The clinical presentation can also mimic certain types of psoriatic arthritis such as psoriatic onycho-pachydermo-periostitis [23]. Limited to the extremities and characterized by psoriatic nail involvement, psoriatic onycho-pachydermo-periostitis manifests as thickening of the soft tissues of the fingers and toes, osteoperiostitis of the distal phalanges, and psoriatic skin lesions [24]. Rheumatoid arthritis may also mimic the presentation with its joint features [24]. In our patient, the history was not supportive of either disease entity. Moreover, the erythrocyte sedimentation rate was normal and the joint aspirate revealed a synovial fluid that was non-inflammatory in nature.

Thyroid acropachy, a rare complication of autoimmune thyroid disease, should also be considered in this context. Characterized by progressive exophthalmos, relatively symmetric swelling of the hands and feet, clubbing of the digits, and pretibial myxedema, thyroid acropachy can manifest as periostosis and arthralgia, closely resembling PDP [25]. In our patient, clinical history and examination suggested the patient was euthyroid, and the subsequent thyroid function test was normal.

Other less common disease entities, such as fluorosis, hypervitaminosis A, and Caffey’s disease, are possible differentials in a patient presenting with signs and symptoms consistent with periostosis [19, 26, 27]. These were less likely given the lack of clinical and radiological features supportive of these diagnoses.

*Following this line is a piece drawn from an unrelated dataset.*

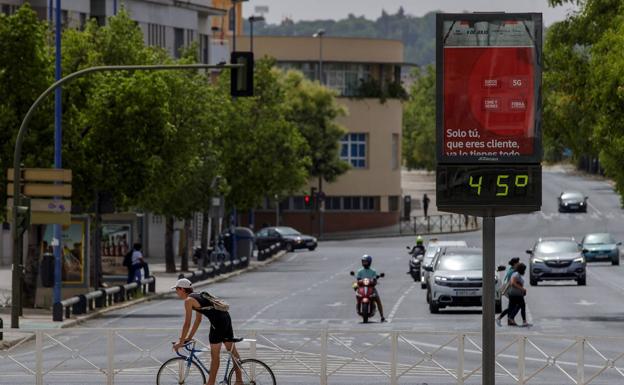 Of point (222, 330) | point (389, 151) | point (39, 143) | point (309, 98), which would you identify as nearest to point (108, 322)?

HOA is characterized by a symmetric periosteal reaction on radiographic examination. This periosteal reaction classically occurs in the long bones and also in the phalanges. In the long bones, the diaphysis is typically affected first, with involvement of the metaphysis and epiphysis indicating progression of disease [1]. Involvement of the epiphyseal region distinguishes it from the secondary form, in which the epiphyses are usually spared [28, 29]. There is typically no abnormality of the marrow or soft tissue adjacent to the periosteal reaction of HOA, and involvement of these tissues should suggest the possibility of other diagnoses [1]. Radiographs may also show acro-osteolysis or tuft hypertrophy of the phalanges [30]. In the joints, HOA classically produces soft tissue swelling without joint space narrowing, erosions, or other arthritic changes [1].

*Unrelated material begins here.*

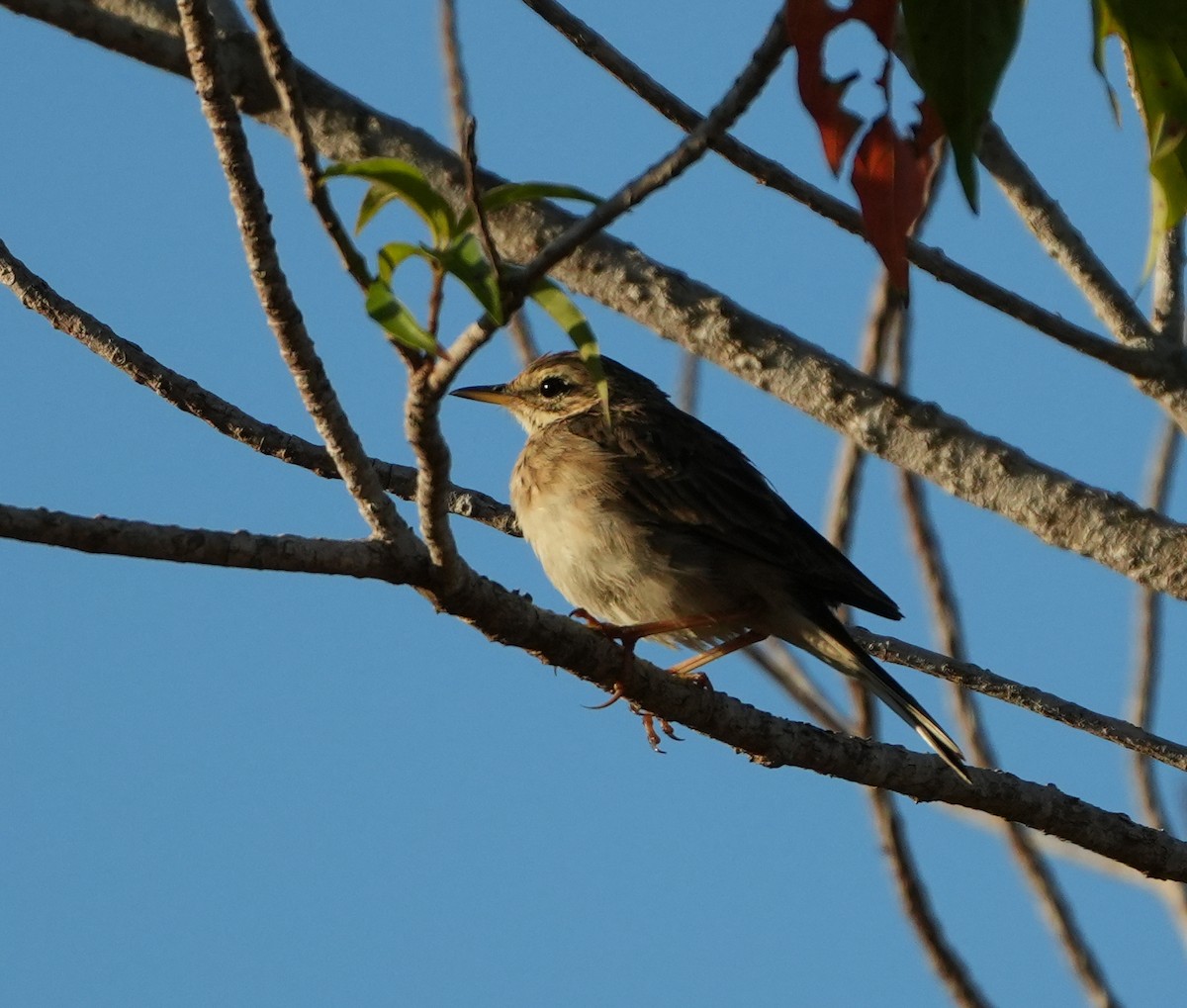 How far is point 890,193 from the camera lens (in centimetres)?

Radiographic findings in our case were similar to those reported by Sasane et al. [31], except for radiography of the skull, which was unremarkable in their case. In addition to the radiographic findings seen in our case, Rastogi et al. [28] also revealed spondylotic changes in spine, with loss of lumbar lordosis and new bone formation along the iliac bones. A recent case-series from Tunisia also revealed marked periostosis of the long bones in all cases [32]. In addition to knee findings seen in our case, the case reported by Guerini et al. [33] showed calcification at the insertion of the quadriceps tendon at the upper edge of the left patella. Our radiographic findings are similar to Reginato et al. [6], Matucci-Cerinic et al. [18], and Abdullah et al. [22].

Due to the central role of PGE2 in PDP pathogenesis, management of PDP is generally symptomatic using non-steroidal anti-inflammatory drugs, corticosteroids, or colchicine for pain relief [34]. Recent advances include trials of oral etoricoxib or bisphosphonates for arthritis coupled with arthroscopic synovectomy [35, 36].

Conclusion

Clinical presentations of PDP can be confused with secondary hypertrophic osteoarthropathy, psoriatic arthritis, rheumatoid arthritis, thyroid acropachy, and acromegaly. PDP should be considered as differential diagnosis when a patient presents with HOA and acromegaloid features.